レス番号642番でGV-N98TXTREME W-6GDを購入したユーザーが「排気にしようかな?」
→「吸気のほうが冷えるよ」
と返答レスが付いたことに端を発して、非常に面白くためになる展開が繰り広げられています。
続きは執筆中なのでひとまず紹介までに。
ぜひ水冷ユーザーの方は各レスを参考にしつつご自分なりに答えを出してみてくださいな。
①消費電力と発熱について
排気・吸気以前に基本的な物理から復習をしましょう。いきなりですが問題です。
「1000Wのドライヤーと1000Wの電気ストーブ、どちらのほうが発熱が大きいでしょうか?」
…
…
…
同じに決まってますよねぇ。いやだって消費電力がどちらも1000Wですし。
Wっていうのは「ワット」という単位時間当たりのエネルギーの単位です。
エネルギーの単位でカロリーはもちろんご存知ですよね。
1カロリーは1gの水を1度だけ加熱するのに必要なエネルギーです。

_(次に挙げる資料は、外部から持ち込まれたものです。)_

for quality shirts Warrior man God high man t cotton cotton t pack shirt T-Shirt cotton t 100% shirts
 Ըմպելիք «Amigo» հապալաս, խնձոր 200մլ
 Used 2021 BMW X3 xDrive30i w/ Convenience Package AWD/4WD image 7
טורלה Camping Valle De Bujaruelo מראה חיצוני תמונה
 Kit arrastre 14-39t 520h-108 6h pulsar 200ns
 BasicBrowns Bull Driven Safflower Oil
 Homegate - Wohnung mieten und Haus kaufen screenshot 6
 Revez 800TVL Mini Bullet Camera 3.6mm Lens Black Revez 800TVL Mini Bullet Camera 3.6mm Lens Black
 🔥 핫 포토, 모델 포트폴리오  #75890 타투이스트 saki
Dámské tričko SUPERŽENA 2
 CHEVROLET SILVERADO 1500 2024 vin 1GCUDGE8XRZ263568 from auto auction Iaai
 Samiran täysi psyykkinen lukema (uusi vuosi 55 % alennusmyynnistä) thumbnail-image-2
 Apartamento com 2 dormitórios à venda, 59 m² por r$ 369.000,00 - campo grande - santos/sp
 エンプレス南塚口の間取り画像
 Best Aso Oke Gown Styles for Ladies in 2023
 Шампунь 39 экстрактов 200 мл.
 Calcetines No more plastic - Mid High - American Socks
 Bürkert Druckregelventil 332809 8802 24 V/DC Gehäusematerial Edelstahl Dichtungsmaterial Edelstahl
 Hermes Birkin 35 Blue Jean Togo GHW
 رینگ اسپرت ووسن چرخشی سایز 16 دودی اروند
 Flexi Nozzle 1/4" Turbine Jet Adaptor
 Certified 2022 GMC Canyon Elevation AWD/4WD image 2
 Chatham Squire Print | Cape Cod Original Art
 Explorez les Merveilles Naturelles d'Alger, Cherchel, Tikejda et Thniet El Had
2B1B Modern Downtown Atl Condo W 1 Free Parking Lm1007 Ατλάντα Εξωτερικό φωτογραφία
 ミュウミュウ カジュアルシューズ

現在ではカロリーという単位は標準的な単位ではなくかわりに「J(ジュール)」が使われています。「1カロリー=4ジュール」くらいです。
難しく考える必要はありません。「1メートル=100センチ」と同じように考えればOK。
そこでW(ワット)の話に戻りますが、
「1ワットというのは1秒間に1ジュールが発生する」という意味だと決められています。
じゃあ1000Wというのは秒間1000ジュールが発生ですよね。
1000Wのドライヤーと1000Wの電気ストーブ、同じ時間に発生する熱量は同じです。
②熱容量について
物質には「熱容量」というものがあって、水には水の、空気には空気の固有の値が決まっています。
(実際には温度等で多少変化しますが今回の話では誤差程度なので簡単のため定数として扱います)
これは光速は3×10^16という定数であるのと同じです。
「熱容量」って何かというと、「熱の容量」→「熱を蓄えられる器の大きさ」くらいに考えればOKです。
そこで熱容量を単位重量あたりに換算した物質固有の定数として「比熱」というものがあります。
比熱を簡単に換言すれば、
1グラムの物質を1度過熱するのにどれくらいのエネルギー(J)が必要かという値です。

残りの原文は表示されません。